# T-Post Fencing



## red

Does anyone know of a good "How to" link for T-Post Fencing? I want to learn how to put up a t post fence, what materials are needed, etc.


----------



## netandtim

Red,
Maybe this link is along the lines of what you are looking for?

http://www.alpharubicon.com/primitive/homestead-fence.htm

Net


----------



## JeepHammer

I don't know about a 'Link', but I've put up and tore down a BUNCH of fencing!

Here is a link I stumbled on to...
Tractor Supply Company - Install a High Tensile Fence
Tractor Supply Company - Install a High Tensile Fence

-----------------------------

First off, we kind of need to know what you are trying to keep for livestock.
A hog fence doesn't need to be real tall, but it has to go BELOW ground level since hogs root under fences,
And it has to be STOUT! Hogs are like horses and they will push on fences like crazy!

Horses don't need fences that go all the way to the ground,
A good thing to keep them from rusting out and when you need to mow under them!
BUT,
Horses need TALL fences, and they like to push on the fences, so you will have to build stout, or use electric or barbed wire topper.

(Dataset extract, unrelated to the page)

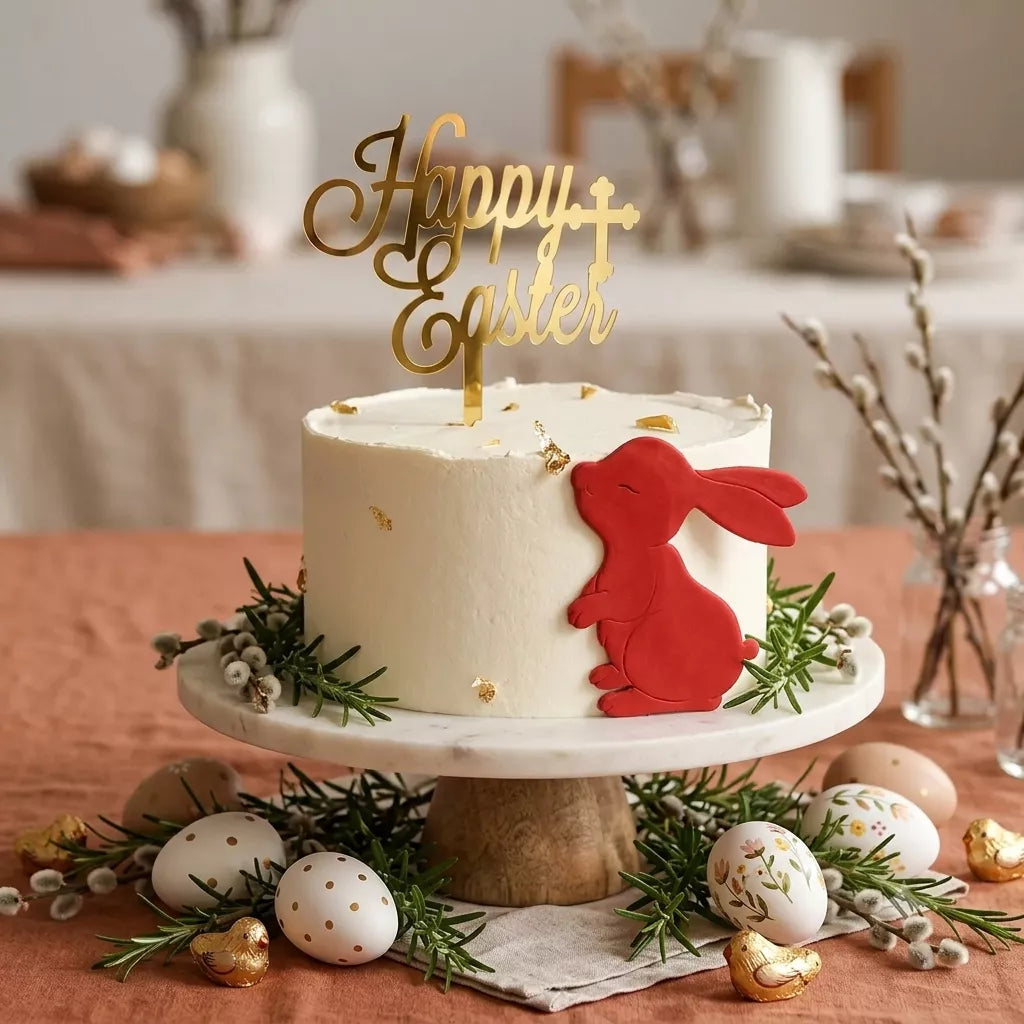 Lot de Toppers Happy Easter Croix Festif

Cattle won't push on fences like hogs or horses, but they like to stick heads over the top and try to eat from the other side, so they will mash fences.
Again, a barbed wire or electric topper is a good idea.
If you breed, you will need a weave of some kind on the bottom of that fence.
Small live stock will get out regularly if you use strands instead of woven fencing...

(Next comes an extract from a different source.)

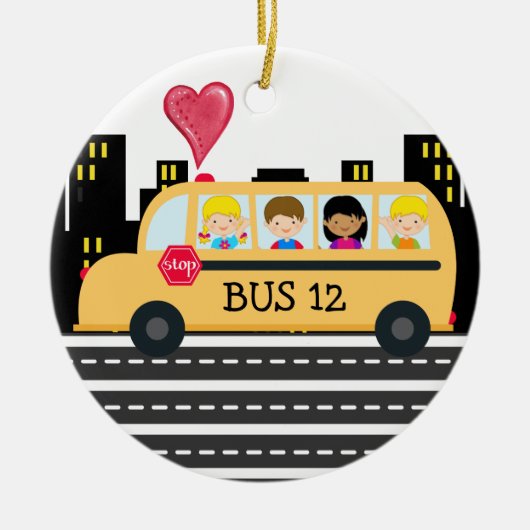 Décoration En Céramique School Bus Driver - SRF (Devant)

Chickens, turkeys, rabbits, ect. will need a very fine weave fence that is all the way to the ground and about 3' or 4' tall.

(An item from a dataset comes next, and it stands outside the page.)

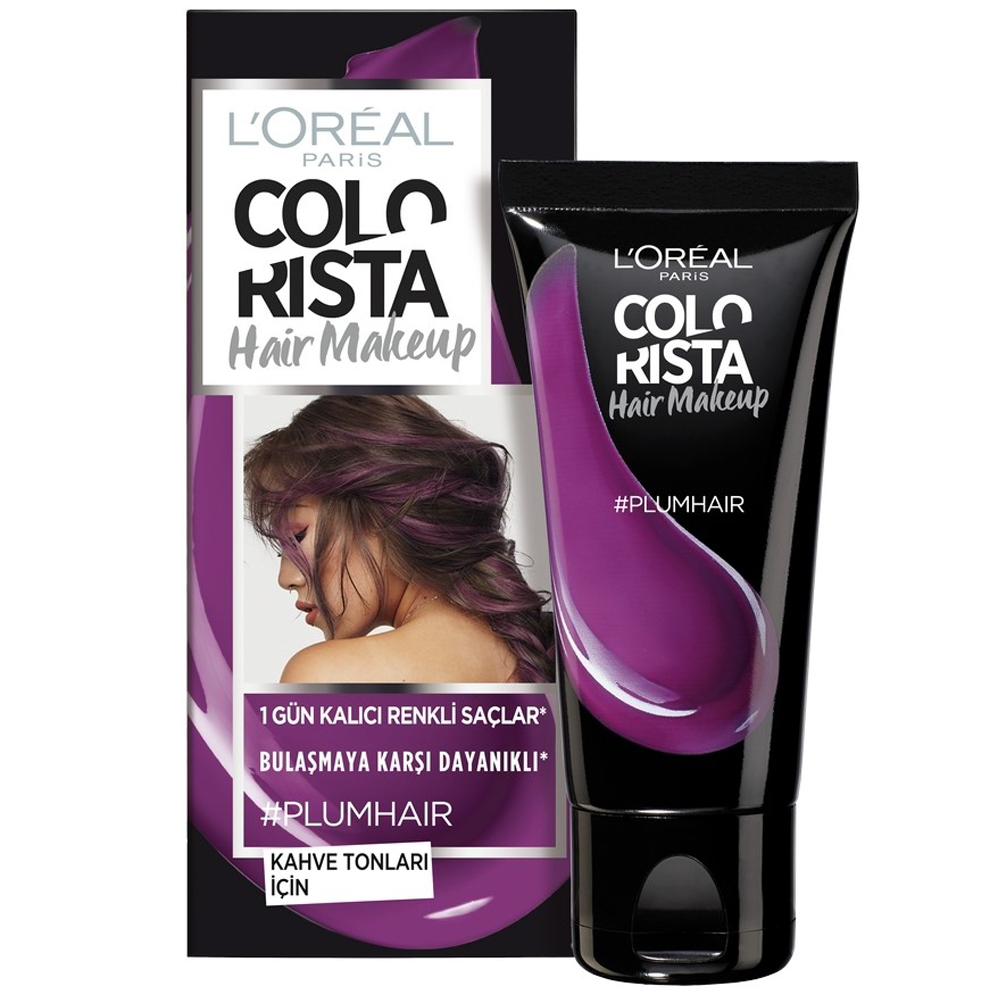 L'Oréal Colorista Hair Makeup 1 Gün Kalıcı Saç Boyası Plum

Goats & Sheep will need a HEAVY Wire fence. 
Goats and sheep (Especially goats) will chew on everything, including the fence, and they can gnaw their way through if you use light duty weave.
Again, if you intend to breed, you will need a fairly small weave closer to the ground to keep the small ones in!
-----------------------------

'T' post fences,

*Driver.* 
Looks like a piece of 2" metal tube about 2' long with smaller tubing on both sides for handles.
Sure beats trying to drive them with a sledge hammer!

*Stretcher.*
We used everything from a 'Hi Lift' jack to vehicles to stretch the fence.
('Hi-Lift' is a brand name for what is commonly called a 'Farm Jack')

*Corner Posts.*
No matter what kind of fence you put up, you will need STRONG corner posts!
That means digging and setting large wood, concrete or whatever posts.

You will also have to set a 'Heavy' post if you angle your fence up or down steeply, since the angle pulling on the fence will change and you may have to put the fence up in sections.
Heavy post every time you 'Stop/Start' a different angle of fence.

*Stretching Wire.*
*FENCE ALWAYS GOES ON THE 'INSIDE' OF THE POSTS!* so the live stock push it into the post, 
If it's on the 'Outside' of the posts, the livestock will just push the wire away from the posts.

*Types of fencing...*
'Red Top'...
Welded together wire that makes squares, bottom squares closer together at the bottom to keep little critters in,
Comes on rolls.

*'Tensile' Wire...*
This is a single strand of high tensile strength wire.
You put each 'Run' up as needed.
You use a ratchet device to stretch the wire until it's very tight.
Mostly used with wooden posts, but you can use steel posts with it also, just don't let the wire rub directly on the post.

*Barbed Wire...*
Good for long hared animals that like to stretch out fences trying to scratch themselves or eat from the far side of the fence.

'Scratching' damage can be mitigated if you put up a scratching post... Just a large post with a bunch of spike nails or bolts driven into it with about 3" or so sticking out.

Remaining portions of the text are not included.